Archive for the ‘From The Lines’ Category

Bad Data Design

Code Follies, From The Lines | Posted by attriel October 17th, 2008

Today I was working on some changes that had been requested to a system we manage.  Technically, they’d been requested through another group, passed to a third group, and they’d talked to me about it a month or so ago, I explained how it needed to process to update into our system so that the person asking could actually see the result, but we decided that, because it’s a legacy process that translates into our database, they’d get the system figured out and then we’d figure out how to pass the updates piecemeal.  Since until the flags are set for each record, they can update the source all they want and nothing happens.

Today I got a forward of a forward of the tail end of a conversation between two people that had been passed to a third.  Yeah, does that sound confusing?  me too!  End result being that the guy that requested the original change was wondering why he’d been told it was done but it wasn’t showing up.

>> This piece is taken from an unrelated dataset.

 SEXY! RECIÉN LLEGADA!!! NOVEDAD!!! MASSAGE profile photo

Somewhere along the way, the flags were never updated.  Oops.  Turns out, upon further inspection, that they updated table A, we process from view B, which gets that data from C.  C has no relation to A.  So even if they’d updated the flags, we never would have gotten anything :o  So after some discussion I processed their updates directly into our dev environment so we can make sure that they do what everyone wants they should do.  I don’t actually know if the source data will ever get updated :o

On an entirely unrelated note …. What do you call a design that has two unique keys for every entry?

Now … what do you call it when it turns out one of them is not garaunteed to be unique?

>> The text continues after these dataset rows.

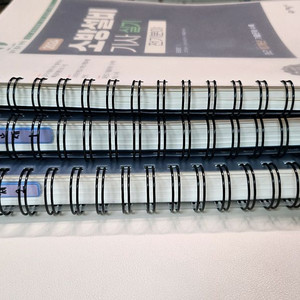 예문사 소방설비기사 전기 실기책 택포 15,000원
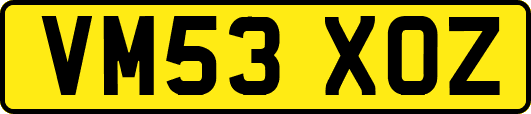 VM53XOZ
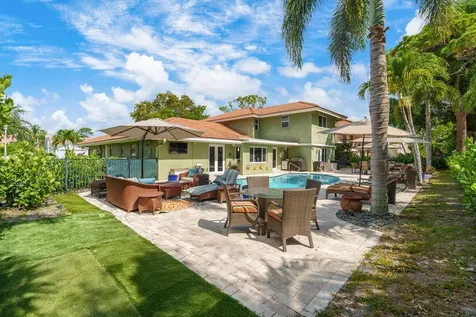 2850 Nw 26th Court Boca Raton FL 33434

OK … And what about when the other one is garaunteed to be unique EXCEPT WHEN IT ISN’T???

*sigh* Literally, I found a set of records where A and B shared key 1, then B and C shared key 2.  There is no unique way of identifying these without using (a) both keys, or (b) information that exists only inside the database

Of course, I will never get an explanation as to who’s dumb idea this design was, because that person is probably one of the guys that’s gone by now.  Just like all the other design idiocy decisions that vex me (us) daily.

Password, Password, Who’s Got The Password?

From The Lines | Posted by attriel September 30th, 2008

So, the other day I was asked to run a security scan of an app as part of my supplemental duties as a non-attached member of a third party group.  Sure no problem.  Well, actually, I haven’t used the tool since I got the new system at the office, lemme make sure I can still access it.

Yep, there’s the prompt for a login.  <look up my password information> … wait, no?  Crap.  I thought that was what I changed the password to.  Oh, right, they changed the username to make it more obvious what the account was for … talk to the group lead, he doesn’t remember either.  He hasn’t been on in longer than me.

He takes me over to the guys who admin the server.  The guy we need to talk to is out, as is the second best bet.  So I ask person C, who I know is covering some of A’s projects while he’s out.  But they don’t know.  They suggest D.  We (three of us now, me, boss, and C) traipse over to D’s office.  Some discussion, C admits that E would be a better choice, but E is talking to their boss … So D brings out his security notebook, and starts paging through it.  ”You’d be amazed at how much is in this book.  I’ve got every password on every system.”  ”Except the one we want?” “Well, you might be right.  I don’t see anything for that server.  Maybe see if E is done talking to Boss2?” … No.  But I talk to C for a bit on something else, Boss1 keeps talking to D on some subject, then is heading back to his office when Boss2 finishes, so I call Boss1 back to talk to E at least long enough to provide validation for my request for the password to an account who’s name I don’t know …  Yeah, THAT’s not fishy at ALL.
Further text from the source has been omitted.